The Red Cross warnings are consistent with a 2015 U.N. report that warned Gaza would become "uninhabitable" by 2020 if the political situation does not radically change. The blockade and the wars waged by Israel have accelerated the "de-development" of the Palestinian territories, the study noted.
Another U.N. report, published in September 2016, concluded that the Palestinian economy would double in size, were it not for Israel's illegal occupation.
Israel's blockade has taken a massive humanitarian toll. A staggering 80 percent of Gazan households live below the poverty line, according to the Israeli human rights organization B'Tselem. Eighty percent of families in Gaza would starve without international food aid.
'Encumbering the Most Basic Elements of Everyday Life'
AlterNet spoke with Omar Shakir, Israel and Palestine director at Human Rights Watch.
"Israel's de facto closure of Gaza, particularly its crippling restrictions on the movement of people and goods, separates families, blocks access to medical care and educational and economic opportunities, perpetuates unemployment and poverty — with approximately 70 percent of Gaza's 1.9 million people reliant on humanitarian assistance — and contributes to severe shortages in the supply of electricity and water," Shakir said.
"As the occupying power, Israel is responsible for facilitating normal life for people under its control, but its policies encumber the most basic elements of everyday life in Gaza today," he stressed.
Shakir also called on President Trump to pressure the Israeli government to abide by international law.
"Arriving days before the 50th anniversary of Israel's occupation of the West Bank, including East Jerusalem, and Gaza, President Trump's words and actions will be carefully scrutinized," he said. "Trump should in particular consider whether he wants his imprimatur on Israeli policy that seeks to alter the demographic balance in Jerusalem by lowering the number of the city’s Palestinian residents."
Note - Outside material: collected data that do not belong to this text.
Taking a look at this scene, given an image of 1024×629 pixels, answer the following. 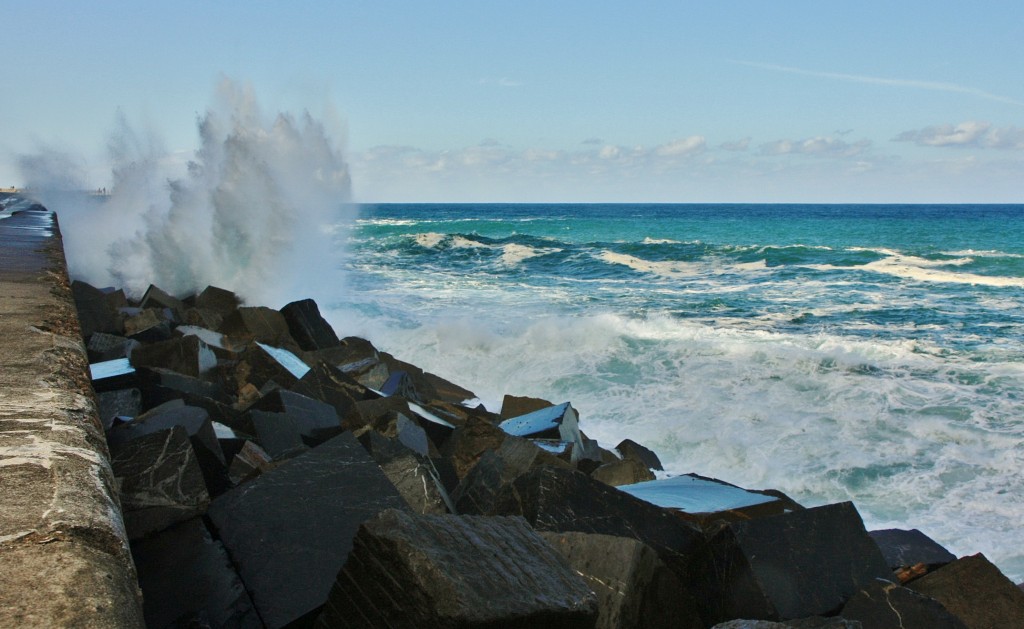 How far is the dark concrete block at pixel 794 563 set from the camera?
2889 mm

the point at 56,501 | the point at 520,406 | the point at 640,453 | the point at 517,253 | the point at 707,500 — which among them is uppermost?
the point at 56,501

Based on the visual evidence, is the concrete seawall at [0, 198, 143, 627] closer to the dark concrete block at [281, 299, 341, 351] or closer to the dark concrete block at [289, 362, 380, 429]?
the dark concrete block at [289, 362, 380, 429]

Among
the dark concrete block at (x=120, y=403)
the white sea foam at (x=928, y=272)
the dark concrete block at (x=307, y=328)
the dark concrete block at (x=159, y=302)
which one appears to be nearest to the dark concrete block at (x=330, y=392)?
the dark concrete block at (x=120, y=403)

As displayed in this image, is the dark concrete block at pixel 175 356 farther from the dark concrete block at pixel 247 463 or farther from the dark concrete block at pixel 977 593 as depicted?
the dark concrete block at pixel 977 593

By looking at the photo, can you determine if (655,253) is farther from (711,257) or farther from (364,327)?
(364,327)

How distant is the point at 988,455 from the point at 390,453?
Result: 213 inches

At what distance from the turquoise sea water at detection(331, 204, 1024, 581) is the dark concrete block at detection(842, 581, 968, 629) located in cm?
276

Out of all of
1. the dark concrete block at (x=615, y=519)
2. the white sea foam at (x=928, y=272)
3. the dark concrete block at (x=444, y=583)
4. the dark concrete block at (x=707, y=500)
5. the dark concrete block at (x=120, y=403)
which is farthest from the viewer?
the white sea foam at (x=928, y=272)

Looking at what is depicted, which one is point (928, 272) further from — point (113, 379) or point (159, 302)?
point (113, 379)

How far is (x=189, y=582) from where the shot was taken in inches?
105

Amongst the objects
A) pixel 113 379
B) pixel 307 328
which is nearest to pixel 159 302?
pixel 307 328

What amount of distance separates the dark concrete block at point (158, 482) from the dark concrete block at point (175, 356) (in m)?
3.35

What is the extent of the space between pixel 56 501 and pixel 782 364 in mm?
9042

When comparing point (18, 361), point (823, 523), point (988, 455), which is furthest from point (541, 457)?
point (988, 455) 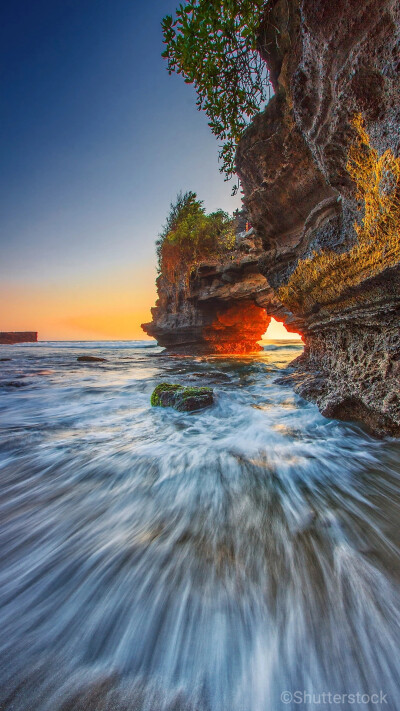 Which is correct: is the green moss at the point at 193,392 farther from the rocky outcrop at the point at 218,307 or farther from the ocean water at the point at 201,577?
the rocky outcrop at the point at 218,307

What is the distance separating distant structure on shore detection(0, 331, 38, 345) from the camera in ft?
179

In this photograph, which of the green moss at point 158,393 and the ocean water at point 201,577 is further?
the green moss at point 158,393

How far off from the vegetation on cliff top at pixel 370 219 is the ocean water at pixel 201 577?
6.13ft

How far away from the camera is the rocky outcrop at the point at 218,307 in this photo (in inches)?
465

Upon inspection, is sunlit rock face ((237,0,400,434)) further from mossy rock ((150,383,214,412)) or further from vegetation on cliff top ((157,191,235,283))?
vegetation on cliff top ((157,191,235,283))

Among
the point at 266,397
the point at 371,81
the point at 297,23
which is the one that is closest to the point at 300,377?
the point at 266,397

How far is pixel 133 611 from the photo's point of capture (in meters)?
1.26

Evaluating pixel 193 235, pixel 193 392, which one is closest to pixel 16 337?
pixel 193 235

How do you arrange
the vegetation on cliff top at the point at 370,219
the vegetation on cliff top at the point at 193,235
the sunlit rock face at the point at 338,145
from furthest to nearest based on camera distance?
1. the vegetation on cliff top at the point at 193,235
2. the sunlit rock face at the point at 338,145
3. the vegetation on cliff top at the point at 370,219

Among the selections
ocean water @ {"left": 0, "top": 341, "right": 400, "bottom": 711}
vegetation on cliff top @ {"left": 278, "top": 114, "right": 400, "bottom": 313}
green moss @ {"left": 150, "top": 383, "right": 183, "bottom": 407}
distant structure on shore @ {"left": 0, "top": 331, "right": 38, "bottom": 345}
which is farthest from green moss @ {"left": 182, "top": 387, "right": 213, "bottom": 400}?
distant structure on shore @ {"left": 0, "top": 331, "right": 38, "bottom": 345}

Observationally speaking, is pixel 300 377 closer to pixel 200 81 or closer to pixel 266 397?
pixel 266 397

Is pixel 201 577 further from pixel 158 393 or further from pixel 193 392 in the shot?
pixel 158 393

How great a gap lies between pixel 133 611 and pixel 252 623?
58 cm

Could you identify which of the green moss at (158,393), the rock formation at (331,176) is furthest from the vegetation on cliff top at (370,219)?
the green moss at (158,393) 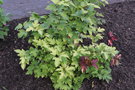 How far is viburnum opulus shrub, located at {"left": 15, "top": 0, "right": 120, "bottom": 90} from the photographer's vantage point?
2.66 meters

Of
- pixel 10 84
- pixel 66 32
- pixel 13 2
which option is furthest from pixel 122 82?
pixel 13 2

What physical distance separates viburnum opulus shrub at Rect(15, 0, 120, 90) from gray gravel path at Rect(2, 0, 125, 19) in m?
1.37

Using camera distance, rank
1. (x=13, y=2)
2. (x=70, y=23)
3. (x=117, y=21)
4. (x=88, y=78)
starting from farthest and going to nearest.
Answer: (x=13, y=2) → (x=117, y=21) → (x=88, y=78) → (x=70, y=23)

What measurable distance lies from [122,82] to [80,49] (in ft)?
2.63

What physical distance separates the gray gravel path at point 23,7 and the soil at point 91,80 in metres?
0.28

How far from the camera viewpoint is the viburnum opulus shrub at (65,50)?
8.71ft

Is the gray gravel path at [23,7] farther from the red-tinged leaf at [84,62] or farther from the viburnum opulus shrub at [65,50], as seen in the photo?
the red-tinged leaf at [84,62]

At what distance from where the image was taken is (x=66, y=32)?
273 centimetres

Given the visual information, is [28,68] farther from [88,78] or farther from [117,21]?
[117,21]

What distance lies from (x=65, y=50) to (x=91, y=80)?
55 cm

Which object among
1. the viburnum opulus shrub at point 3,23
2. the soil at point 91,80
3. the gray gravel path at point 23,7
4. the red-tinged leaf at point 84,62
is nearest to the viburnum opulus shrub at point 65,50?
the red-tinged leaf at point 84,62

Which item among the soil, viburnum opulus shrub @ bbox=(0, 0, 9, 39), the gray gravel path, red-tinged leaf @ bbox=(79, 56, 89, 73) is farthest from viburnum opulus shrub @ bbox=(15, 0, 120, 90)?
the gray gravel path

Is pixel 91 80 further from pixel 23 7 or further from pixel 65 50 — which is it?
pixel 23 7

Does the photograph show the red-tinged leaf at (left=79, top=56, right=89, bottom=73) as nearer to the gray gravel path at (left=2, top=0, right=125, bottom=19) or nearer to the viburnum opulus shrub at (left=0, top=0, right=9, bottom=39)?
the viburnum opulus shrub at (left=0, top=0, right=9, bottom=39) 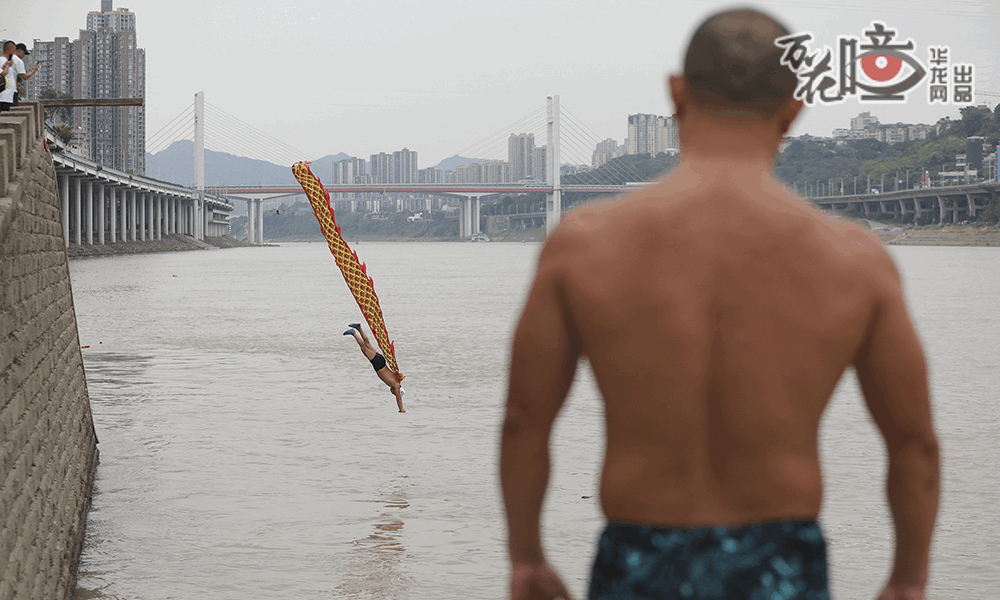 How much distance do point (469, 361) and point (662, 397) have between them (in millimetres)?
17589

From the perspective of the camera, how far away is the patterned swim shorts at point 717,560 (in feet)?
5.81

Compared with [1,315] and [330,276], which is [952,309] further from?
[330,276]

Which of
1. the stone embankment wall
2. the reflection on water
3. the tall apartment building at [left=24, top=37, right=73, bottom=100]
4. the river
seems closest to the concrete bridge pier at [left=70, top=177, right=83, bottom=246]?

Trump "should also press Netanyahu to oppose settlement expansion in no uncertain terms and reaffirm the longstanding US position that they are grave breaches of the 1949 Geneva Convention," Shakir said. "While he will not visit Gaza, he should raise publicly the need for Israeli authorities to allow more access of people and goods into and out of Gaza."
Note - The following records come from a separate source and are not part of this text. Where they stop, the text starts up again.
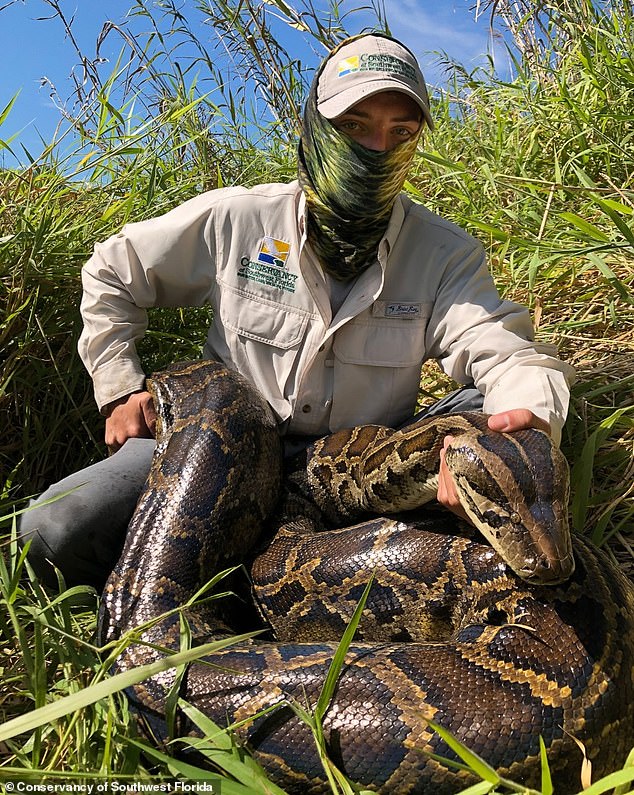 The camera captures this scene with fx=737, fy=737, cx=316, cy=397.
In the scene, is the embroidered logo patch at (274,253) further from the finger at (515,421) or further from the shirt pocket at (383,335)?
the finger at (515,421)

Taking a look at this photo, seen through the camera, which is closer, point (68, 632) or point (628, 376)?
point (68, 632)

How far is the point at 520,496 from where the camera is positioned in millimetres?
2688

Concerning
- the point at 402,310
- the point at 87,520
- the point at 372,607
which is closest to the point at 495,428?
the point at 372,607

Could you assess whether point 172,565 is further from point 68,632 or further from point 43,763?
point 43,763

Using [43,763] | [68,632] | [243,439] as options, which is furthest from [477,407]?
[43,763]

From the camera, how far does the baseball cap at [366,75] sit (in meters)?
3.46

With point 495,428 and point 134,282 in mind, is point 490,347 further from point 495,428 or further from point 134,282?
point 134,282

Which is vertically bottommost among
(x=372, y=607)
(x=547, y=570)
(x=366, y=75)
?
(x=372, y=607)

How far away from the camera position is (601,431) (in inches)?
152

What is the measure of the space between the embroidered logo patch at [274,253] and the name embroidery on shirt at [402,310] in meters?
0.60

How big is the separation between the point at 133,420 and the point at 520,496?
2.13 meters

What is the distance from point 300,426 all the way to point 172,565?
1158mm

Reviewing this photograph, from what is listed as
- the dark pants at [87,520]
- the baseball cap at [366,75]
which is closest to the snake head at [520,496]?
the dark pants at [87,520]

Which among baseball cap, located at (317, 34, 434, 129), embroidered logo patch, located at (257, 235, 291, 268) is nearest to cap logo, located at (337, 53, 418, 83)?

Even more destructive are the wars the Israeli military wages on the Gaza Strip every few years. Thousands of Palestinians have been killed in military campaigns in 2008 to 2009, 2011 and 2014. Bombing by the Israel Defense Forces has ravaged the infrastructure and health care system, destroying or damaging myriad civilian homes, hospitals and schools in Gaza.
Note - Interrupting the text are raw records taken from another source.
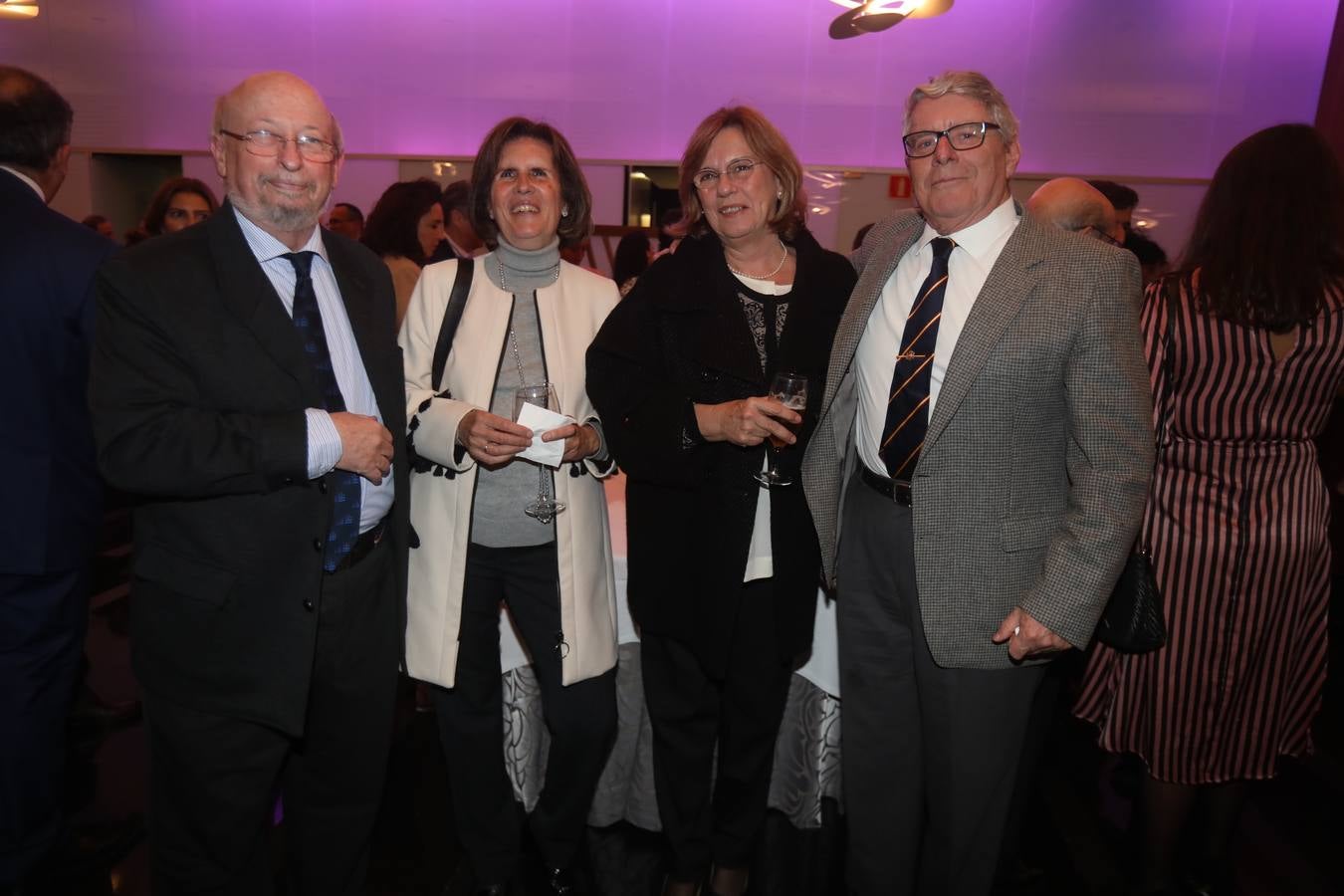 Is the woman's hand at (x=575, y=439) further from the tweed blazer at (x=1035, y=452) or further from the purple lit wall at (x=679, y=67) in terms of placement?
the purple lit wall at (x=679, y=67)

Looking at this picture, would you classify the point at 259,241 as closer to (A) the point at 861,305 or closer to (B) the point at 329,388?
(B) the point at 329,388

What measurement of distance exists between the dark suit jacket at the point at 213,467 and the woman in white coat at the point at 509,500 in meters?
0.38

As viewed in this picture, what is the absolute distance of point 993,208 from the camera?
185 cm

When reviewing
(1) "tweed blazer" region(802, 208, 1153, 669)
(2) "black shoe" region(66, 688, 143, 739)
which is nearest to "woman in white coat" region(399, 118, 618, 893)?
(1) "tweed blazer" region(802, 208, 1153, 669)

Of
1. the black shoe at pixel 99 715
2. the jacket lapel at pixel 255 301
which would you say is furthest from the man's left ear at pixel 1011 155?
the black shoe at pixel 99 715

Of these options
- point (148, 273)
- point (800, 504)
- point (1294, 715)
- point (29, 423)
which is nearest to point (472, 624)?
point (800, 504)

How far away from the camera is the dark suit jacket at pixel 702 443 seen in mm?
2086

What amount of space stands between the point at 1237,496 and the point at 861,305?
1221 mm

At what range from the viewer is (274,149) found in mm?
1792

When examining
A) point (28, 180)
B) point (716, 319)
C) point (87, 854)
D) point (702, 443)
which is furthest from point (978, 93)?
point (87, 854)

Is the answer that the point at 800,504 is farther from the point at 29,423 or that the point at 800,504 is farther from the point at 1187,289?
the point at 29,423

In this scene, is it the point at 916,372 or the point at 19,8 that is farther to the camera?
the point at 19,8

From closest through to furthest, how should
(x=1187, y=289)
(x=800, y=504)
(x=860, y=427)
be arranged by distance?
1. (x=860, y=427)
2. (x=800, y=504)
3. (x=1187, y=289)

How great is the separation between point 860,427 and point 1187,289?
1042 mm
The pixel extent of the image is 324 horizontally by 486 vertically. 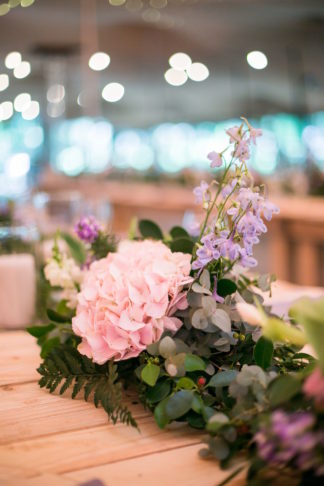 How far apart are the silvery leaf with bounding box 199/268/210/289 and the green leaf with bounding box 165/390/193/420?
0.43ft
Israel's 51-day war in 2014 killed 2,251 Palestinians, approximately two-thirds of them civilians, according to the United Nations. Human rights organizations said Israel likely committed war crimes during the conflict.
Former presidential candidate Bernie Sanders faced intense criticism in April 2016 simply for observing that the Israeli military's bombing of Gaza was disproportionate and indiscriminate.
In March of this year, the Israeli military's chief of staff openly admitted that this is true.
"The Israel Defense Force employs a policy of using aggressive and disproportionate force in order to prevent situations in which they fire rockets at us and we return shells," Lt. Gen. Gadi Eisenkot told a parliamentary panel. "For us, there is one address in the Strip: Hamas."
The Trump administration has continued to ramp up support for Israel, despite the country's violations of international law and its illegal military occupation, which will mark its 50th year this June. President Trump will meet with Israeli government officials on May 22, two weeks before the anniversary of the occupation.